Nvidia finally releases open source GPU kernel modules for Linux | ZDNet
It would be useful for someone to do a temperature check of Hell because after years of queries and requests, Nvidia has released on GitHub the source code for its GPU kernel modules.
Long suffering Nvidia desktop users wishing to ditch the binary driver should temper their excitement though, with Turing and Ampere data centre GPUs being the first architecture deemed production-ready and supporting features such as multiple displays, G-SYNC, and RTX ray tracing in Vulkan, and OptiX.
Nvidia said that desktop support was alpha quality, and users could opt in if they wanted to.

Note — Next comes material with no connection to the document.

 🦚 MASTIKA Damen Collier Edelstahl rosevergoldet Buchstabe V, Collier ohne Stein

The driver package released by Nvidia will have both the binary and open source driver, with the decision on which to use made during driver installation.

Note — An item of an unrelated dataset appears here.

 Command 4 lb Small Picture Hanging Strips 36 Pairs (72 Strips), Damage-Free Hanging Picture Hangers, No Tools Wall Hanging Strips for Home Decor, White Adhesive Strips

The GPU company admitted its driver was not ready to be upstreamed into the Linux kernel, but it would work on it with Canonical, Red Hat, and Suse.
“In the meantime, published source code serves as a reference to help improve the Nouveau driver,” the company said.
“Nouveau can leverage the same firmware used by the Nvidia driver, exposing many GPU functionalities, such as clock management and thermal management, bringing new features to the in-tree Nouveau driver.”
Providing more background, Red Hat director Christian Schaller said in a blog post that Nouveau and kernel maintainers had been meeting with Nvidia for the past month.
“This is only the kernel part, a big part of a modern graphics driver are to be found in the firmware and userspace components and those are still closed source,” Schaller wrote.
“But it does mean we have a Nvidia kernel driver now that will start being able to consume the GPL-only APIs in the Linux kernel, although this initial release doesn’t consume any APIs the old driver wasn’t already using.”
Schaller added both the existing Nvidia binary and Nouveau driver would be sticking around, even when the new open source driver is built out.
“In the immediate near term it will not have a major impact. But over time it provides a pathway to radically simplify supporting Nvidia hardware,” he said.
“Long term we will hope be able to get a similar experience with Nvidia hardware that that we today can offer for Intel and AMD hardware, in terms out of box functionality. Which means day 1 support for new chipsets, a high performance open source Mesa driver for Nvidia and it will allow us to sign the Nvidia driver alongside the rest of the kernel to enable things like secureboot support.”
The state of Nvidia support for Linux has been a long running issue. In 2012, Linus Torvalds said Nvidia was “the single worst company we’ve ever dealt with”, before giving the company the middle finger.